Je vous ai déjà parlé de ma copine Laure ? Mais si, ma super copine franco-suisse… Non ? Bon, alors apprenez que ma copine Laure a été touchée de tout près par la dyslexie et que, quand elle a suivi son mari expat à Chicago, elle a été bien obligée de se débrouiller toute seule pour aider son fiston qui galérait à apprendre à lire dans deux langues à la fois. À mes yeux, elle est devenue une sorte d’experte internationale sur le sujet (et le fiston en question s’en est super bien sorti).

Il se trouve que Laure a été séduite par la méthode Davis®, qui traite la dyslexie « autrement ». Elle en parle avec tant d’enthousiasme que je lui ai demandé de « nous » expliquer, à nous, profs des écoles, ce que c’est que cette méthode. Je lui laisse la parole :

Vous êtes bien sûr confrontés à des élèves dyslexiques. La solution : l’orthophoniste et hop, on attend. Parfois, ça marche, et pas toujours…

La méthode Davis propose une approche différente. Elle prend en compte la raison de ce trouble. M. Davis a déterminé que la raison de base de la dyslexie est que les enfants (ou les adultes d’ailleurs) pensent en images 3D, à l’opposé des autres qui pensent en mots (vous pouvez regarder la vidéo (clic) ). L’avantage de cette pensée en images c’est que, très souvent, ces personnes ont une grande créativité et une imagination fertile (vous l’aviez remarqué n’est-ce-pas ?)… mais ils ont aussi tendance à être confus beaucoup plus rapidement que d’autres.

Cette confusion est déclenchée par les lettres (dommage, quand on est à l’école pour lire)…

Un exemple : si l’enfant veut appréhender un arbre, il va le voir dans sa tête et même le faire bouger sous tous ses angles. Et pour finir, il aura totalement maîtrisé l’arbre.
Alors il fait la même chose avec un b : Pour le maîtriser, il va l’imaginer en 3D dans sa tête et le faire bouger pour le voir sous tous les angles… Et là, bingo, le b devient… d, et p, et q… Et la confusion va aller jusqu’à faire bouger les lettres dans sa tête, les changer de place, (voir la vidéo clic ).

Ces enfants ont besoin de voir des images.
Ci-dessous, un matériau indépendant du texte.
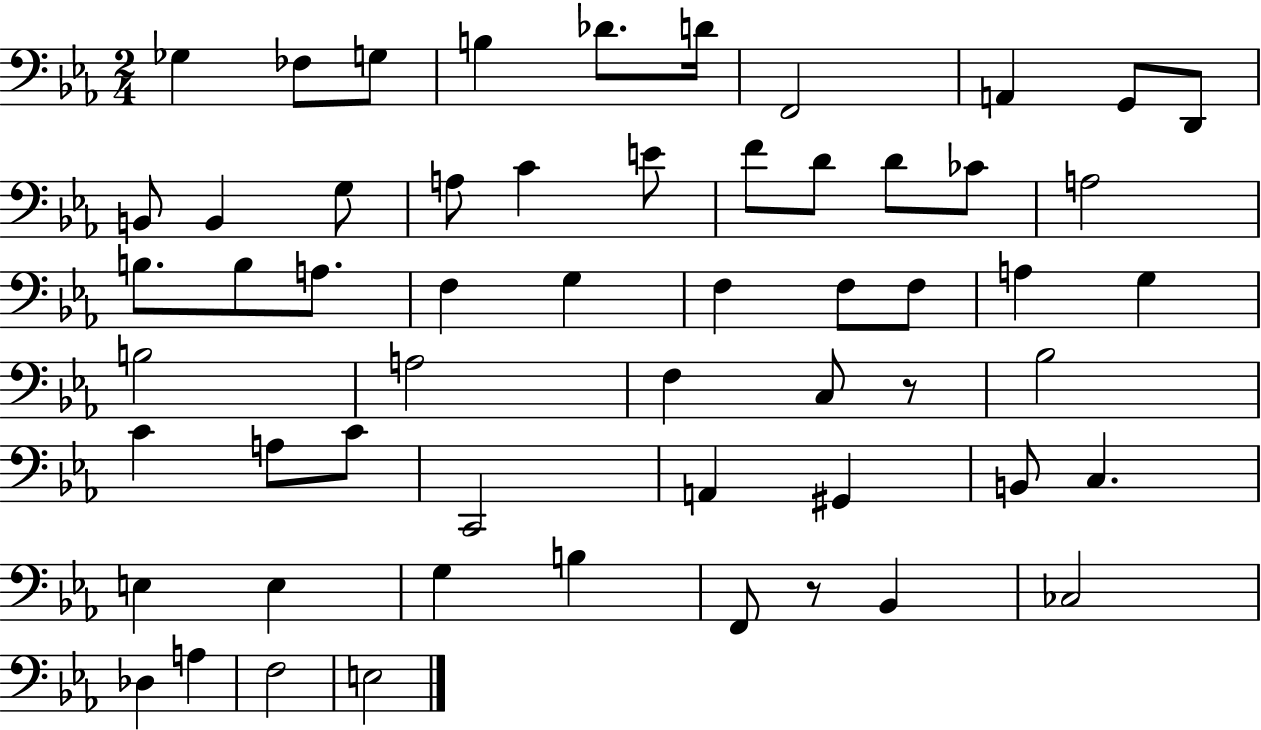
Gb3/q FES3/e G3/e B3/q Db4/e. D4/s F2/h A2/q G2/e D2/e B2/e B2/q G3/e A3/e C4/q E4/e F4/e D4/e D4/e CES4/e A3/h B3/e. B3/e A3/e. F3/q G3/q F3/q F3/e F3/e A3/q G3/q B3/h A3/h F3/q C3/e R/e Bb3/h C4/q A3/e C4/e C2/h A2/q G#2/q B2/e C3/q. E3/q E3/q G3/q B3/q F2/e R/e Bb2/q CES3/h Db3/q A3/q F3/h E3/h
Or, visualiser l’image d’un arbre, dans sa tête, ça va, mais  quelle est l’image pour le mot « le » ? Difficile à voir… Or c’est un vrai problème, pour ce « penseur en images » qu’est le dys, de lire un mot sans image… Voilà la raison pour laquelle un enfant dyslexique pourra lire certains mots compliqués et buter quand même sur des petits mots.

Pour aider les enfants, la solution de la méthode Davis® est de leur montrer comment arrêter la confusion. Pour cela, on utilise leur faculté à imaginer dans l’espace jusqu’à ce qu’ils puissent contrôler leur perception pour avoir les « idées nettes », sans confusion.

De plus, nous lui faisons créer des modelages pour tous les petits mots sans image (le, que, sur, son, ce…) en utilisant la pâte à modeler. Il pourra ainsi maitriser ces mots en 3 dimensions, parce qu’il les aura créés lui-même.

Ce n’est pas facile de changer sa perception. C’est la raison pour laquelle le programme s’établit sur une sorte de « stage » d’une semaine, pour que l’enfant ait le temps de maitriser cette nouvelle aptitude.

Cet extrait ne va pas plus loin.